- Task objective:
Given these entries, repeat exactly the lines starting with the one that has "Collier Brillaxis argent rhodié oxyde" and going on through the one that has "Sweet Meadow Farm", both included, but none of the pictures.

- Data for this task:

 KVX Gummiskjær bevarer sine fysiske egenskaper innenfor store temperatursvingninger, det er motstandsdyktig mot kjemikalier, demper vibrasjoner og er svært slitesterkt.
==
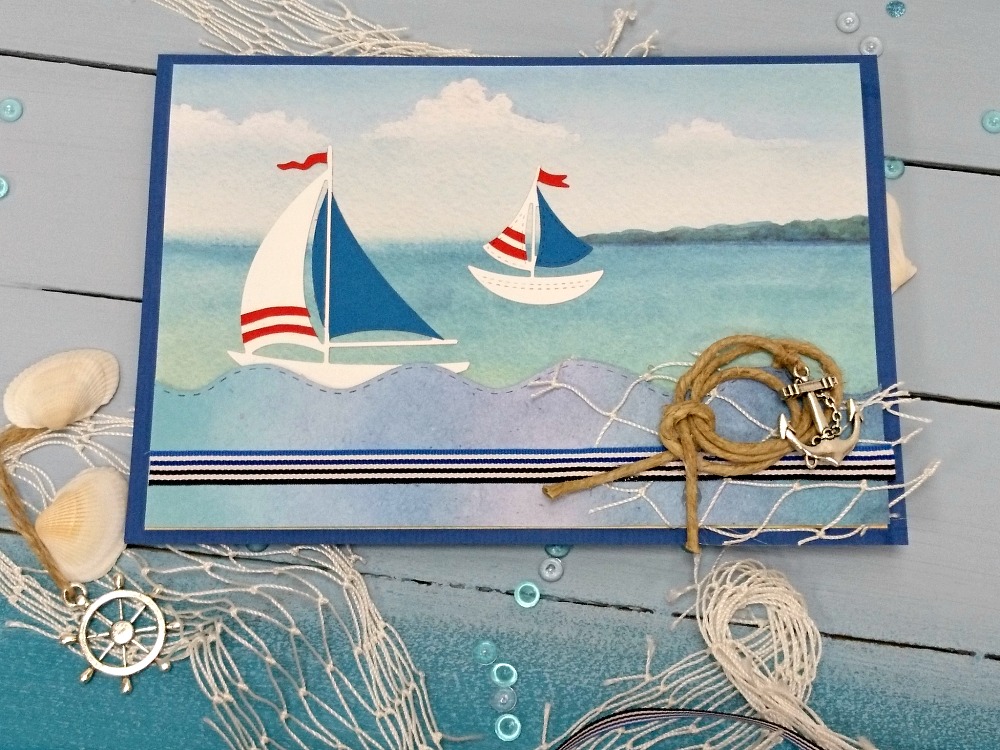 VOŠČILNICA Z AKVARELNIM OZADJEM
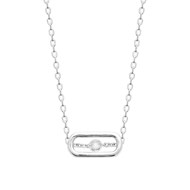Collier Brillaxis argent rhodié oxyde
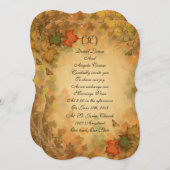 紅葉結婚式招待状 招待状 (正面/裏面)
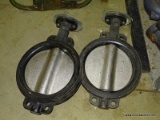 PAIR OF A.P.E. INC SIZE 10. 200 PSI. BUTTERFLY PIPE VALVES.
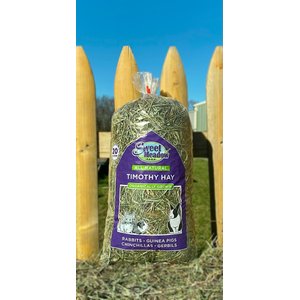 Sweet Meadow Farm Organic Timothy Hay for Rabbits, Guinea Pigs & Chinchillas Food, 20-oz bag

- Your response:
Collier Brillaxis argent rhodié oxyde
 紅葉結婚式招待状 招待状 (正面/裏面)
 PAIR OF A.P.E. INC SIZE 10. 200 PSI. BUTTERFLY PIPE VALVES.
 Sweet Meadow Farm Organic Timothy Hay for Rabbits, Guinea Pigs & Chinchillas Food, 20-oz bag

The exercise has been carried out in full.